I don’t believe in Cam Newton. I think his skill set is great, but I think we underestimate the importance of the mental aspect of being a successful professional quarterback. I worry about Newton’s persona, his history and his intelligence.

I think the Buffalo Bills, who pick third overall, would be smart to pass on a hit-or-miss player like Newton — or Blaine Gabbert, for that matter — and instead continue to build the defense with surer things like Von Miller or Marcell Dareus.

ESPN analyst and former NFL quarterback Trent Dilfer disagrees:

“If you’re going to win a Super Bowl with Ryan Fitzpatrick, you better have the Baltimore Ravens’ defense that I played with. That’s the only formula to win a Super Bowl without a dynamic, playmaking quarterback.”

Dilfer said [Ryan] Fitzpatrick could be Buffalo’s answer at quarterback “for a year or two, yes, but that’s about it.” Dilfer insisted the Bills must draft Auburn quarterback Cam Newton if the Heisman Trophy winner still is on the board at No. 3.

“His unique skill set is going to fit Buffalo,” Dilfer said. “He spins the ball at an incredibly high rate. He can knife it through the wind and the bad weather. His physicality in the run game will help them in bad-weather games, in the short-yardage game.

“He’s the perfect fit, and you have a good — good — serviceable quarterback in Ryan Fitzpatrick to play while you groom [Newton]. It’s a no-brainer in my opinion to take Cam Newton.”

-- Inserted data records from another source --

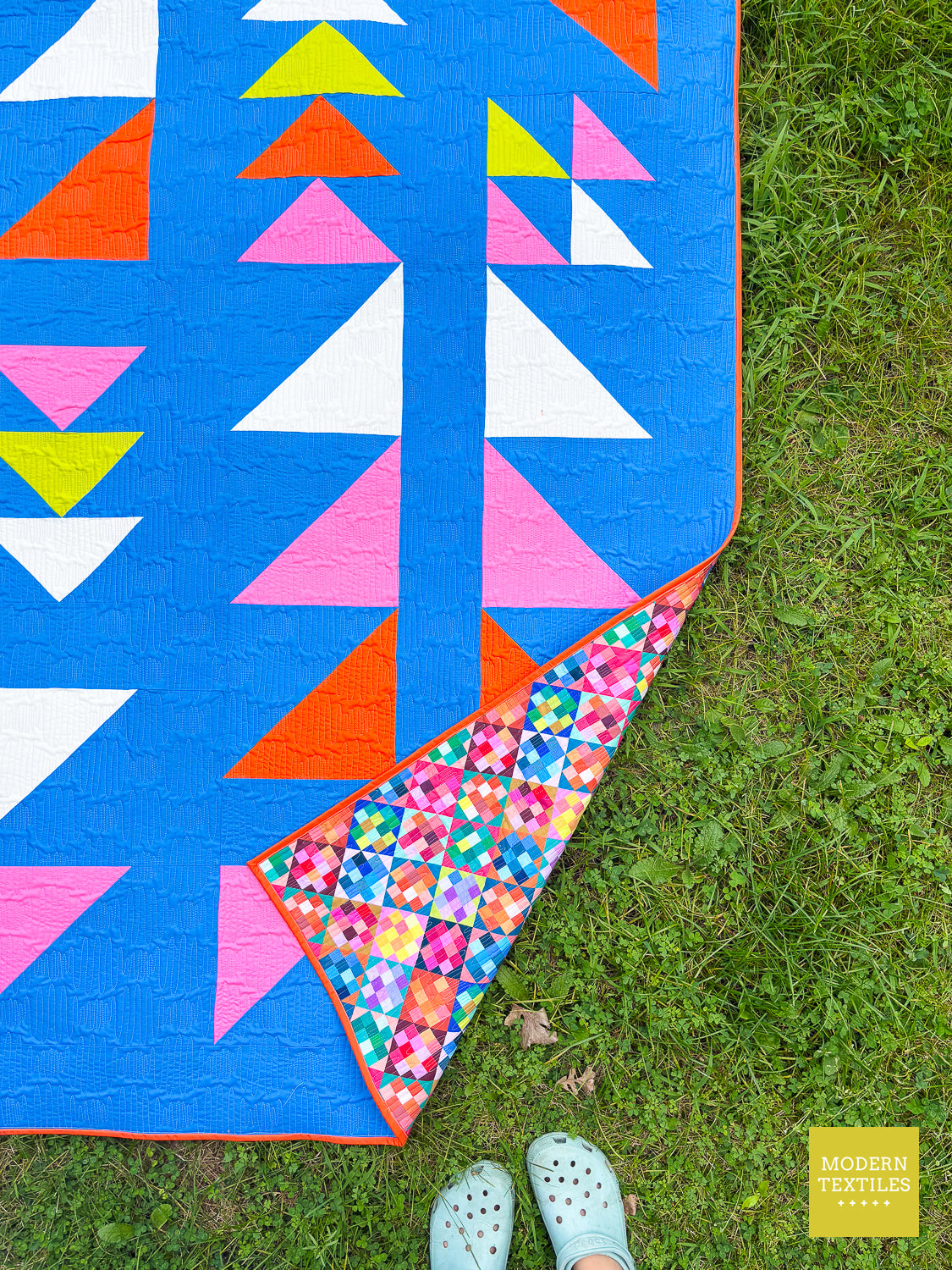 Exploratory Pattern - PDF Digital Download
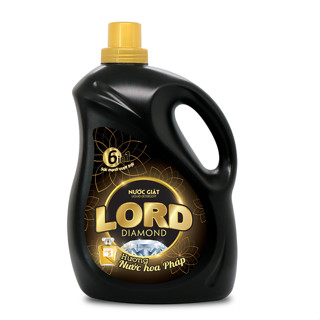  Nước giặt Lord Dinamond hương nước hoa Pháp 3.5kg 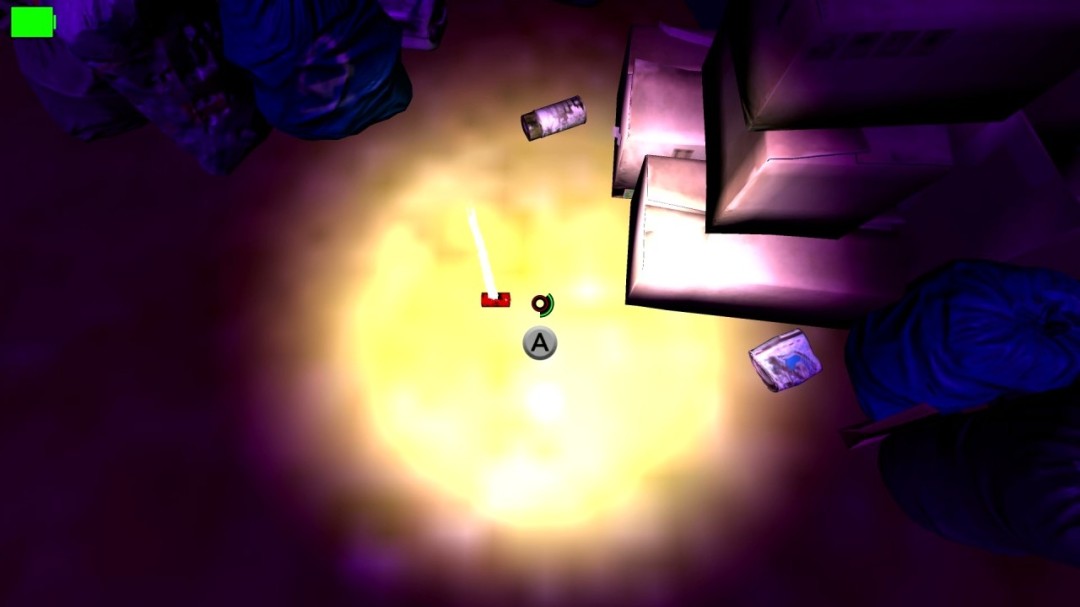 《死亡森林》重制版登陆Switch 经典恐怖冒险(图5)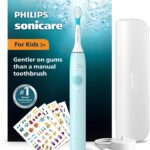 Philips Sonicare for Kids HX6500/33 Sonická elektrická zubná kefka pre deti
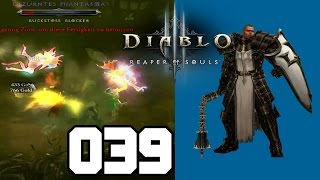 Diablo 3 Reaper of Souls Let´s Play #039 - FPS beim Aufnehmen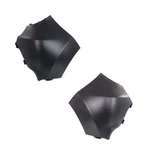 For Kia Soul 2014-2016 Bumper Ends Rear, Driver And Passenger Side Plastic Pair. Fixed Price $251.51.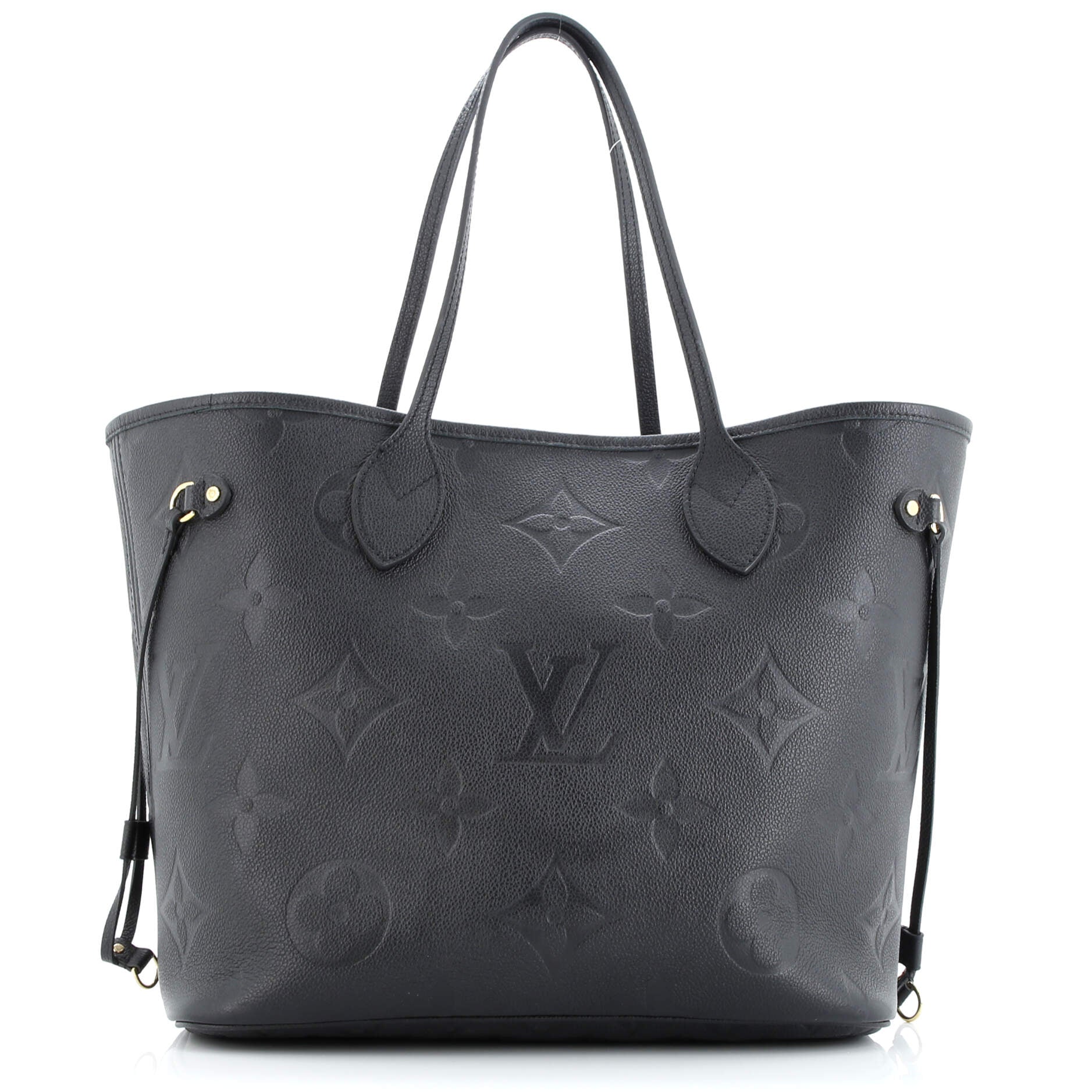 Louis Vuitton Neverfull NM Tote Monogram Empreinte Giant MM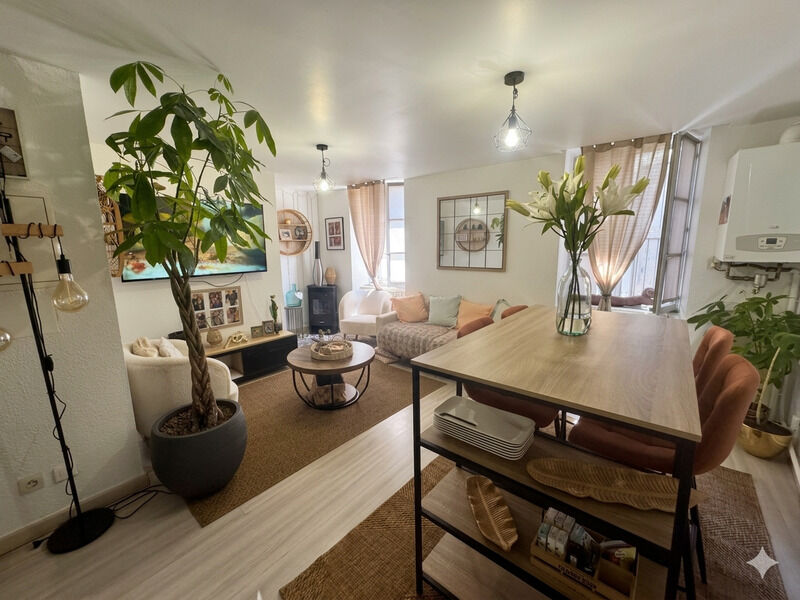 Appartement  T3 à louer Romans-sur-Isère 26100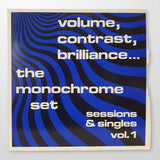 Volume, Contrast, Brilliance…Sessions & Singles Vol. 1 (clear, splatter) (Reissue)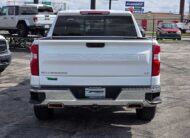 2020 Chevy Silverado 1500 LT 4WD – Stock # 125583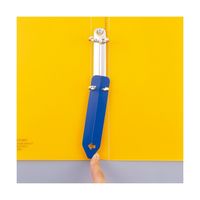 リヒトラブ ツイストリングファイルA5S F5006ー5 黄 F-5006-5 1冊（直送品）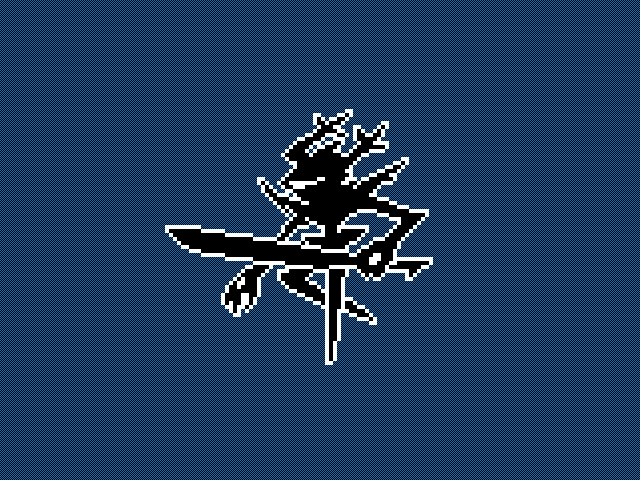 The roaring knight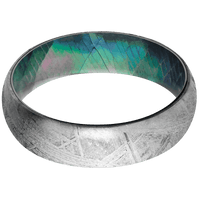 Meteorite + None Finish + Black Mother of Pearl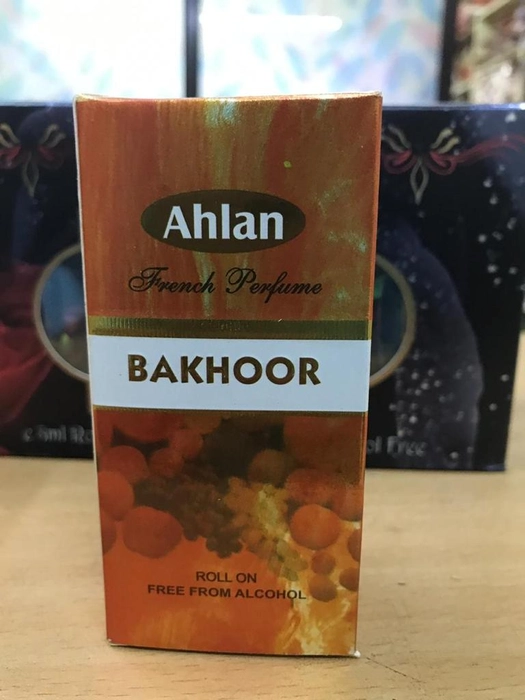 Ahlan Bakhoor 8ml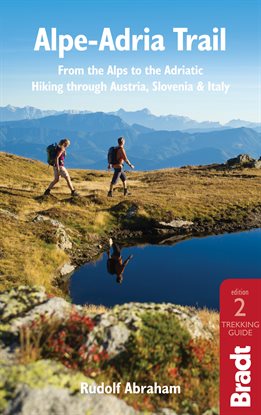 Cover image for Alpe-Adria Trail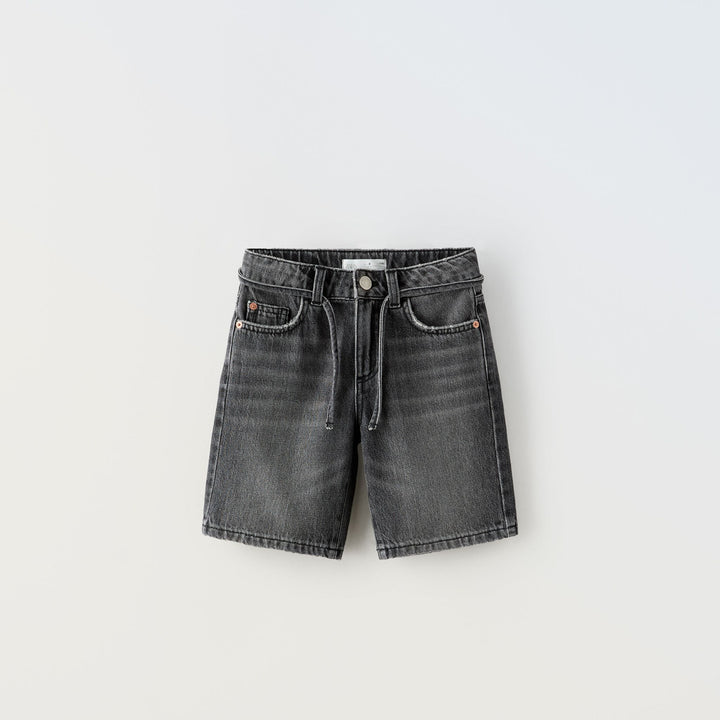 Moudda ZARA - Boy Denim Berm. - Tunisie 1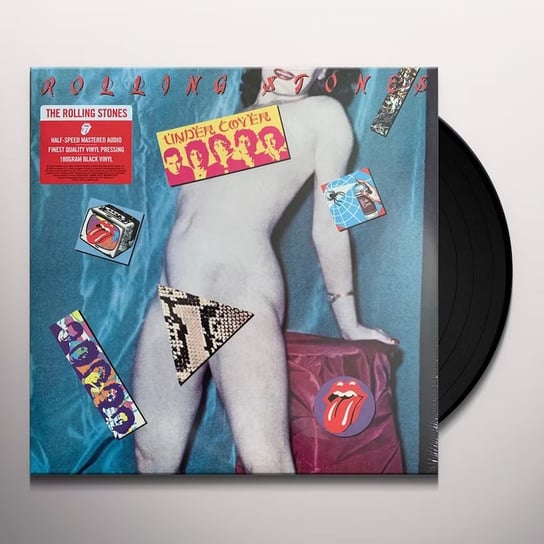Undercover, płyta winylowa Rolling Stones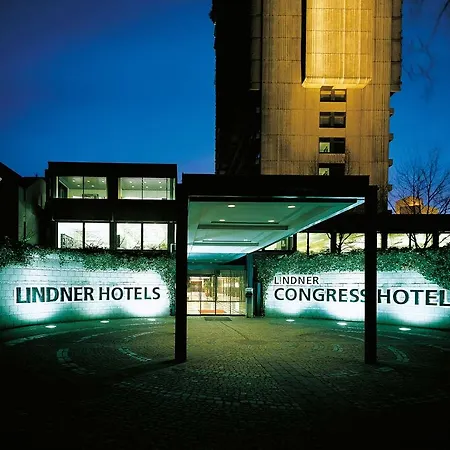Lindner Hotel Dusseldorf Seestern-3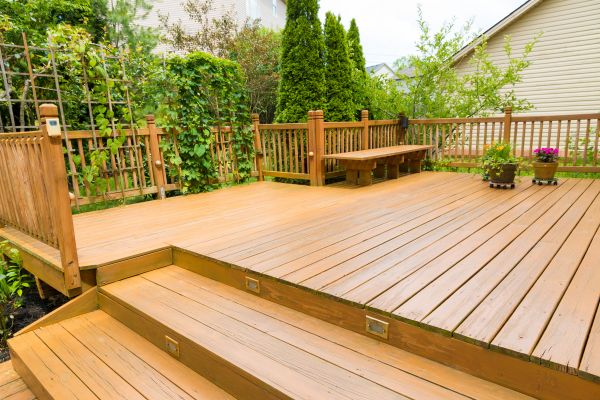 Cost of Patio Deck Construction in Laguna Niguel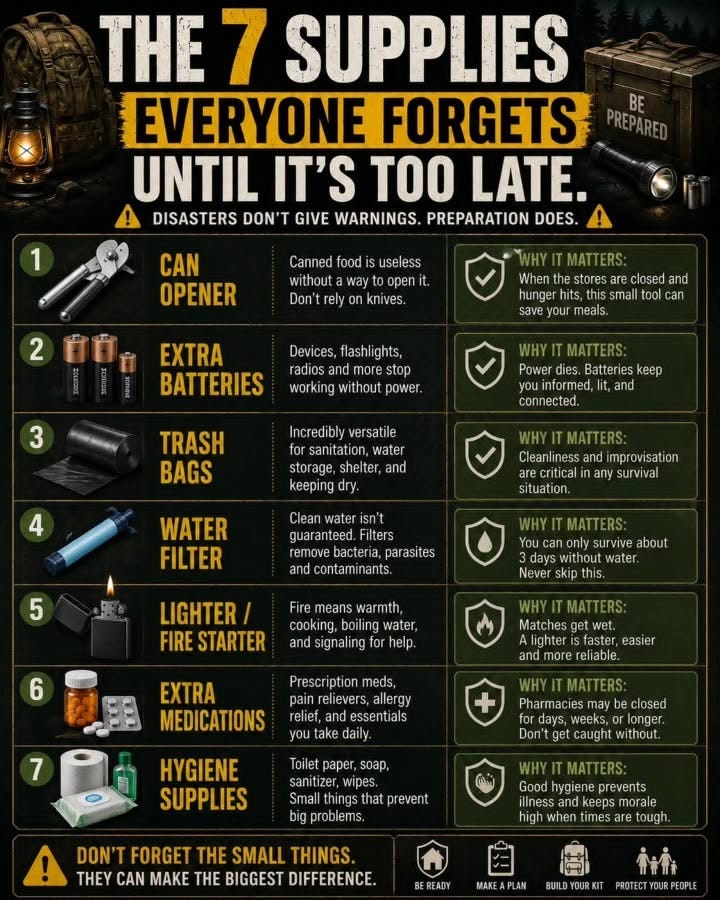 Civil Defense Infographic For 10-22-2026 - by Texas Arcane
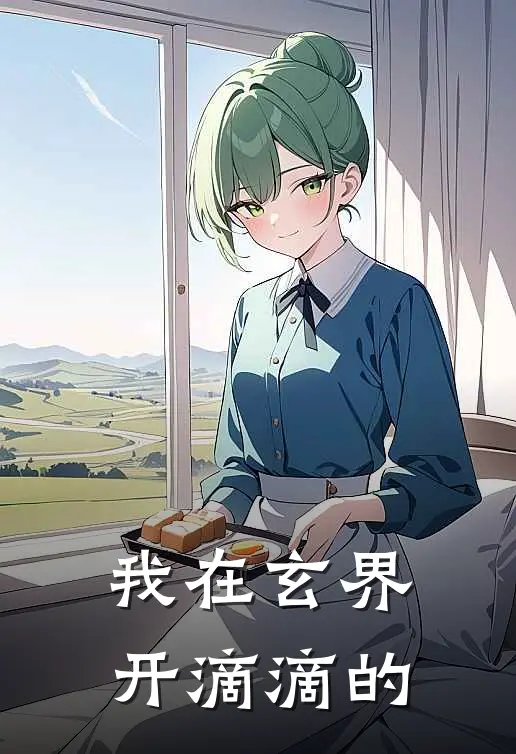 我在玄界开滴滴的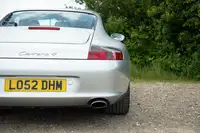 2003 Porsche 996 Carrera 4-Sold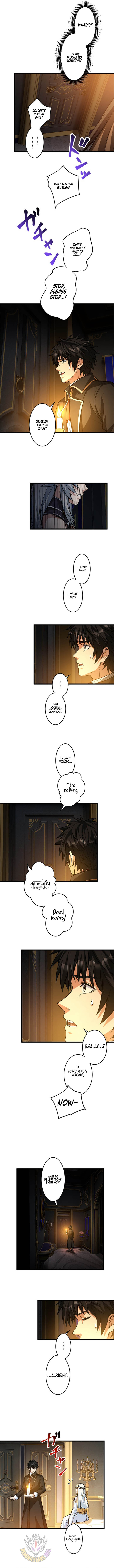 The Hated Black Mage Returns Chapter 60 - Page 5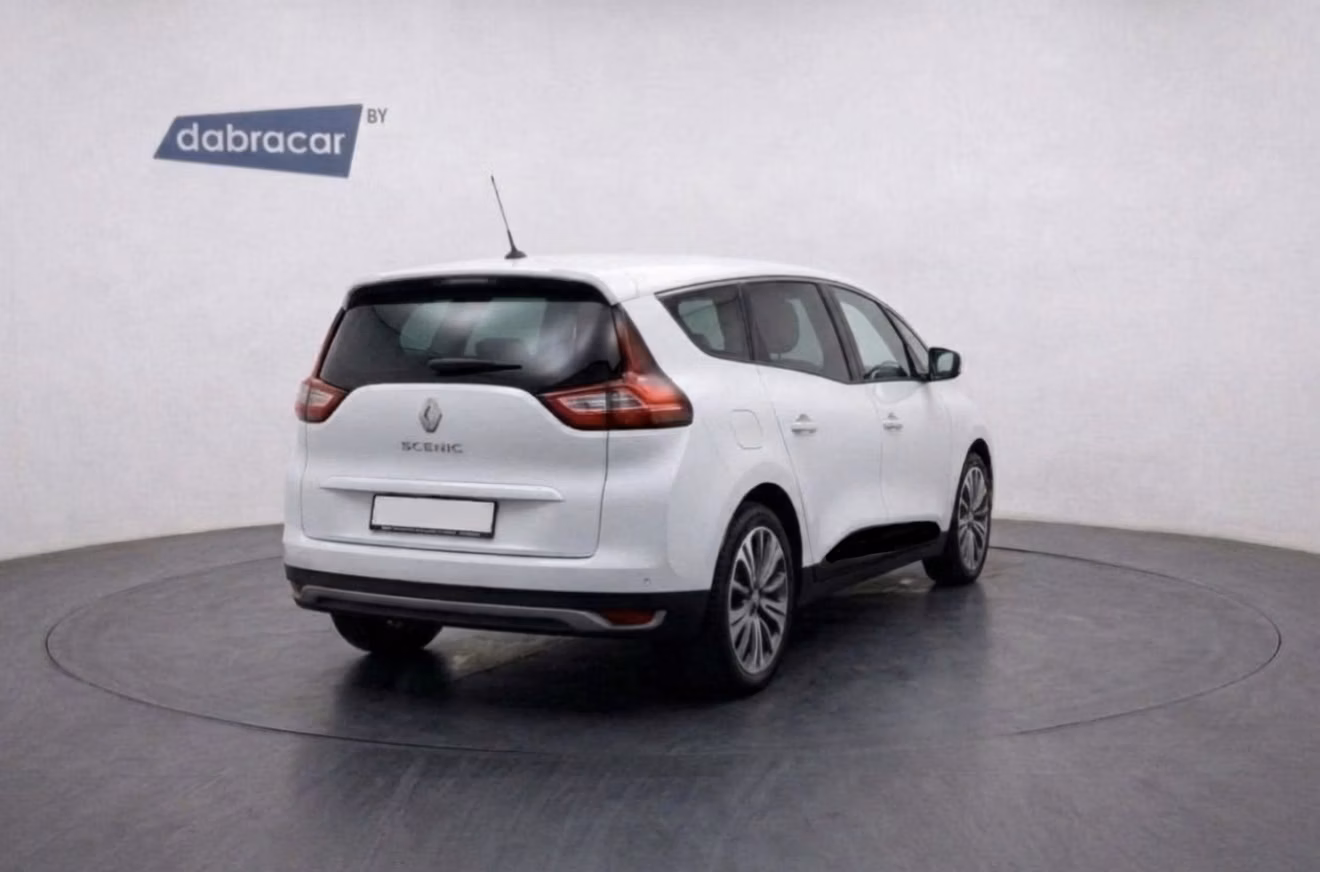 Renault Grand Scenic фото 5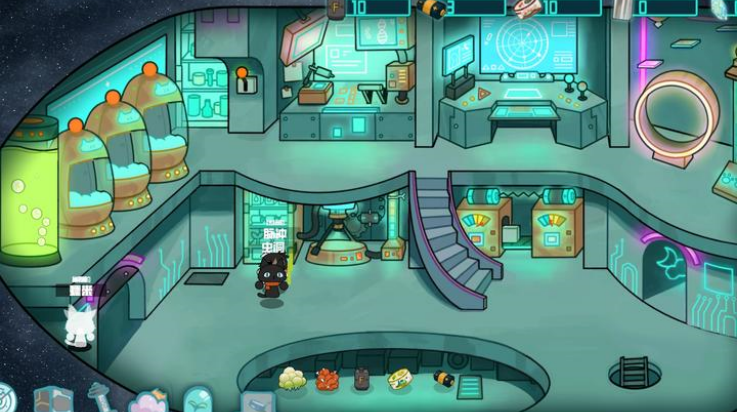 卵生猫之星际海贼团游戏v0.6 2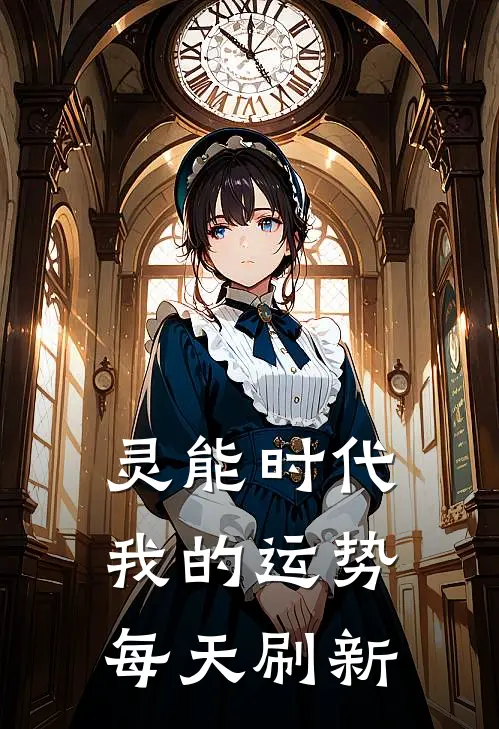 灵能时代：我的运势每天刷新(楚临江渺渺)热门小说推荐_免费小说在线看灵能时代：我的运势每天刷新楚临江渺渺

I agree with Dilfer’s assertion that Ryan Fitzpatrick is not the answer, but that doesn’t mean the team has to spend its top selection on a signal caller. Wait 32 picks and you might be able to land Ryan Mallett, who’s the best natural passer in the draft, or Jake Locker, who was slated to be a top pick just a few months ago.

Or wait for the new league year to launch and invest in a veteran on the market. This may end up being a great year for guys like that, with Kevin Kolb and Kyle Orton slated to be shopped around.

I don’t like seeing teams waste top-five picks on quarterbacks in good years, but this isn’t even a good year for potential franchise QBs. I don’t think Dilfer is considering how many first-round quarterbacks flame out. I don’t understand his logic.